As it does every month, the National Federation of Independent Business (NFIB), America’s largest and oldest small-business association, releases its Index of Small Business Optimism, which measures the pulse of the nation’s largest employer group—Main Street entrepreneurs.
“What the Small Business Optimism Index shows is something we’ve seen in previous polls as well: Uncertainty is strangling the nation’s economy,” said Jan Meekcoms, Oregon state director for NFIB.
“Our insurance exchange, Cover Oregon, has further exacerbated the uncertainty created on the federal front. Oregon elected to create its own exchange, which has yet to approve a single online application. There is a loss of faith and sentiment that government is good at regulating and taxing but fails in supporting the needs of small business.”
Added William Dunkelberg, NFIB’s chief economist in a national news release: “Small employers are not fooled by headlines announcing record high stock market indices; everyday they live the economic realities of overregulation, increased taxes, weak sales and a government without any director or plan for the future.”

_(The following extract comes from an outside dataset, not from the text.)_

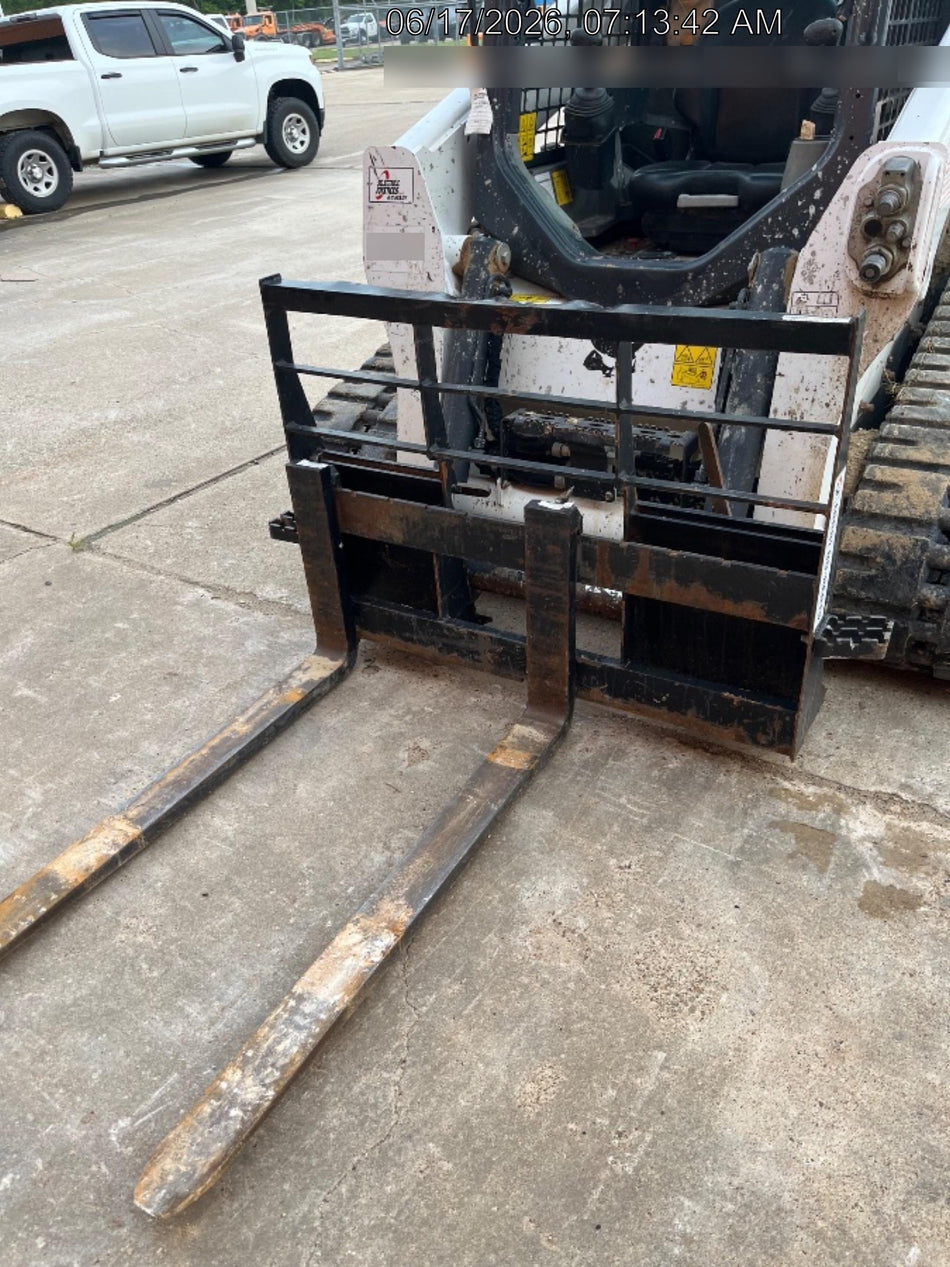 2024 ARROW MATERIAL HANDLING F5100CB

As regularly scheduled each year, NFIB will be sending out its annual ballot on state issues this week, and it’s no coincidence, said Meekcoms, that one of the four questions is aimed at giving Oregon policymakers some guidance on the general uncertainty facing small-business owners. “We’ll be asking our members if small-business impact statements should be required for each new bill or regulation that could potentially affect them.”
The NFIB Research Foundation has collected Small Business Economic Trends data with quarterly surveys since 1974 and monthly surveys since 1986. Survey respondents are drawn from NFIB’s membership. The report is released on the second Tuesday of each month. For almost 40 years, NFIB’s Index of Small Business Optimism has been one of the nation’s bellwether economic barometers, used by Federal Reserve chairmen, Congress, and presidential administrations. Small business is no small matter, because Main Street enterprises employ the majority of working Americans and generate most new jobs—not big businesses, and certainly not big governments or labor unions.